Dancing in My Nuddy-Pants!
- First edition
- Author: Louise Rennison
- Cover artist: Ian Bilbey
- Language: English
- Series: Confessions of Georgia Nicolson
- Genre: YA romance
- Publisher: Piccadilly Press
- Publication date: 2002
- Publication place: Great Britain
- Media type: Print (Paperback)
- Pages: 212
- ISBN: 978-0-00-721870-7
- Preceded by: Knocked Out by my Nunga-Nungas
- Followed by: ...And That's When It Fell Off in My Hand

= Dancing in my Nuddy-Pants =

2002 children's book by Louise Rennison

Dancing in my Nuddy-Pants! is a young adult romance novel by British author Louise Rennison. It is the fourth book in the Georgia Nicolson series. The book was first published in Great Britain by Piccadilly Press in 2002, and by HarperCollins in the United States in 2003. It was also released as an audiobook by Recorded Books.

==Plot==
The book is written in the form of a diary. It is about 14-year-old Georgia Nicolson, her friends (the Ace Gang), and her infatuation with boys (or snogging in particular). Georgia's boyfriend Robbie (nicknamed "the sex god or SG") has been invited to go on tour with his band The Stiff Dylans.
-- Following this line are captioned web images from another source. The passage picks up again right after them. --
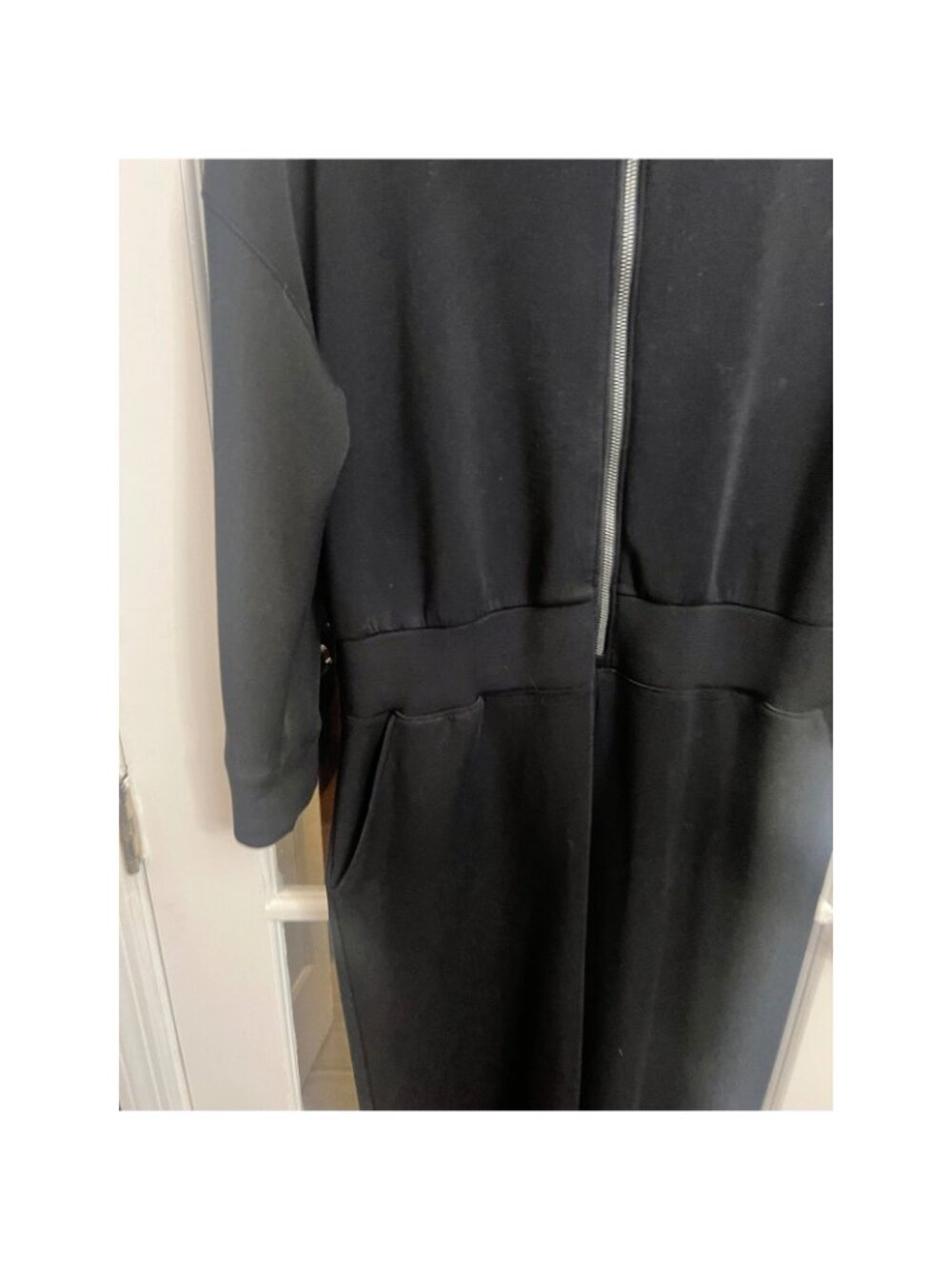 SPANX AIRESSENTIALS Black Full Zip Mock Neck Jumpsuit Women's 1X 1XT. E - Picture 2 of 9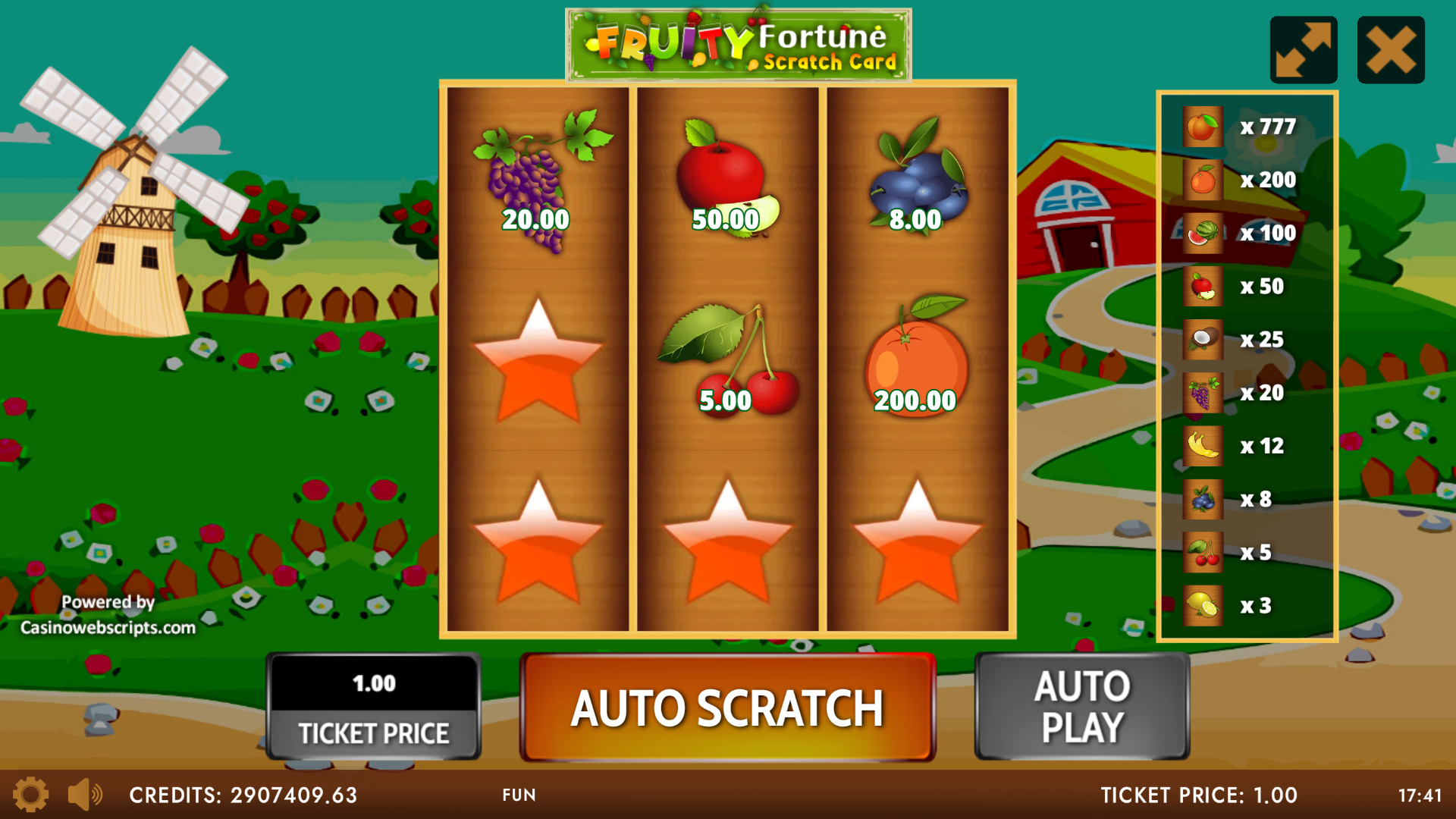 Fruity Fortune Deluxe Scratch Card - Preview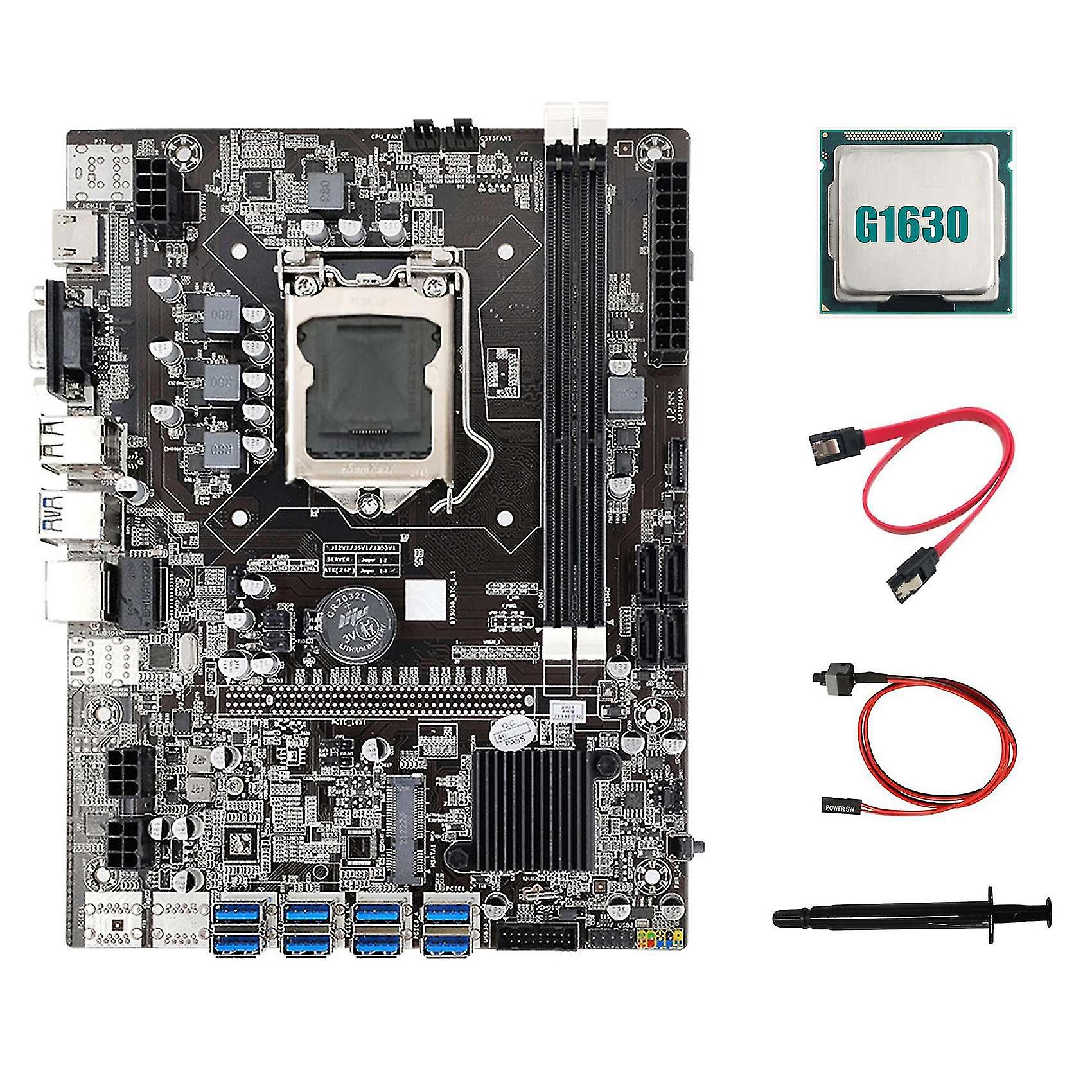 B75 Eth Mboard 8xpcie To Usb+g1630 Cpu+ Grease+sata Cable+s Cable A1155 M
He has received an offer to go to Los Angeles in what Georgia calls "hamburger-a-gogo-land" (the United States), where she is thinking of becoming a "girlfriend to a pop-star". At the end of the book he goes for an interview and gets a job in Whakatāne, New Zealand, instead. Even though Georgia is upset about this, she still has enough courage in her to dance naked, or in her "nuddy-pants" as she refers to it, when her house is empty.

==Success==
The work was preordered by roughly 80,000 readers and hit number one on the New York Times bestseller list, in the children's Books list in March 2003.